Fuchsia will take these ideas a step further by allowing app actions — in Fuchsia terms a “suggestion” — to appear in search without requiring the app to be installed. If Google’s machine-learning-powered algorithm is reasonably ‘confident‘ that a particular module that you don’t have installed can get the job done, a link to open it ‘instantly’ will appear.

You could possibly search for a movie that’s in theaters, get a suggestion of buying a ticket through Fandango, click it and buy your ticket without installing the app.

Common vision

Now that we’ve established that the two OSes are beginning to have features in common, the question becomes “Why?”

One theory some may have that I’d like to eliminate is that Fuchsia is just a testbed for features to come to Android. This model of starting from scratch has been seen before recently in tech, with Mozilla rewriting their browser engine from scratch and using what they learned to make their existing engine better. The flaw I see with this idea is that the features in question are still actively being fleshed out in Fuchsia.

My personal theory is that Google has a unified vision for its company: AI and machine learning are the way forward. They made that clear last week at I/O with dozens of AIpowered announcements. Google wants to know what you want to do before you want to do it. It’s very likely that this vision of the future of computing was given to both the Fuchsia and Android teams, who each implemented it differently.

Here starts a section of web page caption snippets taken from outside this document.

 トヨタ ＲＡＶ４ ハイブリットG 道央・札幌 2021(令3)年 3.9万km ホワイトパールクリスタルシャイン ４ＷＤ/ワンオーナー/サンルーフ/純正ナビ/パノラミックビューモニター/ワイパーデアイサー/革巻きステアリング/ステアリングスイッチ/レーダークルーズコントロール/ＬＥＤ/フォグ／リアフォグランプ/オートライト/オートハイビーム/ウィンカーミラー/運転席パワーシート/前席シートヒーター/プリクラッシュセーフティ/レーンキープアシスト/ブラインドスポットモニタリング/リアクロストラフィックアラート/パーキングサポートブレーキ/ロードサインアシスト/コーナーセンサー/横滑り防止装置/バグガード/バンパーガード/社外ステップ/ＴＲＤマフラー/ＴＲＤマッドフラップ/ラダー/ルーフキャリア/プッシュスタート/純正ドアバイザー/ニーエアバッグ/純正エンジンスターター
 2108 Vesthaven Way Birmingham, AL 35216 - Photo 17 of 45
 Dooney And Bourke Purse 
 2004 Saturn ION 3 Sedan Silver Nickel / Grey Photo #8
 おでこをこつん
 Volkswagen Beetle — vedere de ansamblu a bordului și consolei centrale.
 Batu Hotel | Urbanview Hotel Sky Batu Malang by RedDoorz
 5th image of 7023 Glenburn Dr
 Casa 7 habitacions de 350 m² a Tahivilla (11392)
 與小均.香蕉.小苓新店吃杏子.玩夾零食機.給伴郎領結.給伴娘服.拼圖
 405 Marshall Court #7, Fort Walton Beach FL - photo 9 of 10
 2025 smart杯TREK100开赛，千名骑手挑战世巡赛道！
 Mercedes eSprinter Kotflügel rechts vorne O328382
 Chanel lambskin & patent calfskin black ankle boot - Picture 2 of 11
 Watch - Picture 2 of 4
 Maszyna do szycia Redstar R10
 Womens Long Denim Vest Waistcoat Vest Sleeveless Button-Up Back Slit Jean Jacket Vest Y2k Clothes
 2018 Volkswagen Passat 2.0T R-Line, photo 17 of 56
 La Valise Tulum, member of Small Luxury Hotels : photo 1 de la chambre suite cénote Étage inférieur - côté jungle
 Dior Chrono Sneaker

Slices, the most Fuchsia-like feature announced at I/O, are actually an Android original. Remember, Android isn’t going anywhere any time soon. Fuchsia isn’t the only vehicle for bringing Google’s vision to fruition. It’s also possible that as the years go on and development continues, Android and Fuchsia will grow more and more alike until the transition, if there ends up being one, is almost seamless.